I heard colleagues who are critical of the choice of the author of narrating things in first person throughout the text. They are maybe jealous, or just annoyed by the credit that Tonelli gives to himself for the Higgs boson discovery. Of course, no single man or woman can self-assess his or her contribution as larger than that of the other five or ten thousand who participated, as there were too many details, small inventions, brilliant solutions to apparently unsolvable problems that were required to get from a blueprint to a discovery, and these were due to different actors. 

I am sure Tonelli knows this, and he is certainly aware of the envy of a few colleagues - he writes it out plainly, as he explains the time when he was preparing his December 2011 talk, when the Higgs discovery was not yet a fait accompli and the interest of the whole physics community was centered on what CMS and ATLAS would present (they ended up giving strong hints of the Higgs boson existence, but no discovery claim yet). Tonelli explains that on that occasion one colleague went as far as to tell him he'd give 20 years of his life to be in Tonelli's place.

I find a similar thought really excessive. Luckily, one thing I certainly do not suffer from is this kind of feeling. I know there are colleagues whose happiness strictly depends on their own success and career. I have a high esteem of their determination, their focus and will. But being in that situation is not to my liking - you put all your eggs in one basket, and you sacrifice too much. Get a life, folks!

For me physics is important, and I would certainly be happy to one day be in the spotlights for having been a successful physicist, but physics is not the only love in my own life. My career choices and dedication to physics have maybe been insufficient to become a superstar, but they have been driven by my willful decision to not invest there everything I have got. I want to keep some of my time for other occupations, that give me a lot of pleasure - no less than doing research in particle physics. 
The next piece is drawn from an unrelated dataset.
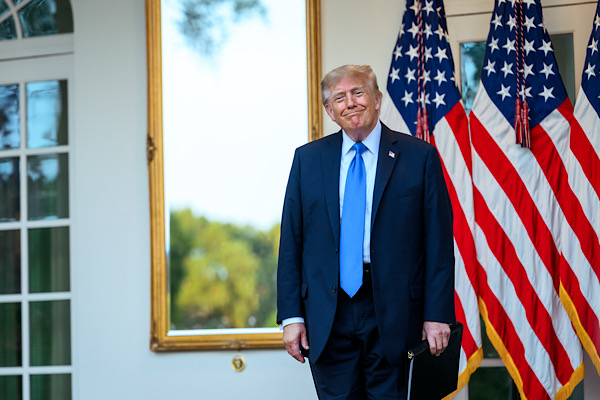 Trump, Rusya yaptırımları üzerinden Biden’ı eleştirdi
Playing the piano, writing, playing chess are time-consuming activities. Spending time on them does not mean I subtract it to my working hours, of course, but it does mean that I am not spending all of my efforts, daily and nightly, on particle physics. To make an example, it took me 10 years to graduate, as I was spending a lot of time studying chess and participating to chess tournaments. So I know that my chances to one day become the leader of one big experiment, or to make a giant discovery, are smaller than those of some of my most aggressive peers. But for sure my life is worth more than that, and I would not give one single day of it for giving a particle discovery talk.